Open tbooth opened 2 months ago

tbooth commented 2 months ago

From review by @cmeesters:

Chapter 11 - Designing a new workflow This Chapter needs a major revision:

tbooth commented 2 months ago

Regarding the last three points, I completely agree that workflow re-use and maintainability is a vital topic and I'm currently in the process of preparing (and being funded to do so!) additional material on this topic. The whole idea of this episode is to test the skills that the learners have acquired in the previous chapters by presenting a new challenge, so I don't want to introduce any new technical concepts here.

So I'm in agreement with the reviewer that all these things are important, but I don't think they can be added to this chapter.

tbooth commented 2 months ago

genome assembly is an intricate challenge, recommending a relatively outdated tool like velvet is dangerous, as there are numerous follow-up implementation tailored for various genome types.

I totally disagree with the comment that my course is "dangerous". There is no recommendation here to use Velvet in real research. Rather, Velvet is chosen as a simple tool to illustrate an assembly-centric workflow. Likewise, "finding the longest contig" is no way to judge the quality of your assembly, but serves as a useful and easy-to-understand proxy for this exercise.

I will modify the text of the episode to make this extra clear.

tbooth commented 2 months ago

I have added clarification to the text regarding what the workflow is doing and the choice of tools. I have also added a section "Biology and bioinformatics" to instructor/prereqs.html. The main intended audience for this course would be familiar with the terms "de-novo assembly" and "contigs" and "adapters" but for those not coming from a biology background this new section provides some pointers to background reading.

the assembly part comes out of the blue and is unrelated to everything before.
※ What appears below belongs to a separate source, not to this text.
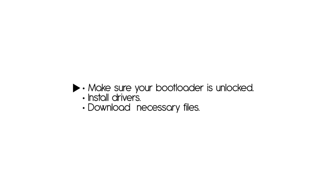First, you have to make sure that you have your bootloader unlocked. I will not cover unlocking your bootloader in this video, but you will find a step-by-step guide in the blog post. Second, you have to install HTC drivers.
If you want it, you need additional material, describing the background. Best put it into a separate chapter (or several), then.

This is the entire point - to present a "whole new workflow", in order that the learners can practise applying what they now know about Snakemake to a fresh challenge. Secondarily, but no less importantly, we want learners to practise debugging (TTT notes how neglected this is in general) but it's hard to teach debugging by presenting learners with pre-written "deliberate mistakes" because they can't grasp what the intention of the broken code was in the first place or why they would make that mistake themselves. Having this chapter allows the learners to make their own mistakes and debug them.

In practical experience of teaching this, the time taken from presenting the original script to learners having their working Snakemake code is much longer than a Carpentries episode should be. Two hours is a reasonable time estimate. But I don't see how to break it down, as most of that time is spent on the extended exercise. In practise, the tutor can break up the session by sharing debugging sessions with the class as and when learners ask for help. Not only does this help people who are stuck on similar problems, but the class will engage with the process of trying to spot and rectify the problems when they see their fellow learners are stuck.

One could argue that presenting an extended exercise is "not the Carpentries way". Everything should be bite size. Everything should be done in lock step. But I just don't think the process of conceptualising, writing out, and debugging a Snakemake workflow (or learning programming in general) can be reduced like this. Learners need to get the confidence that all the tools they have been given up to this point really can be applied to a fresh problem.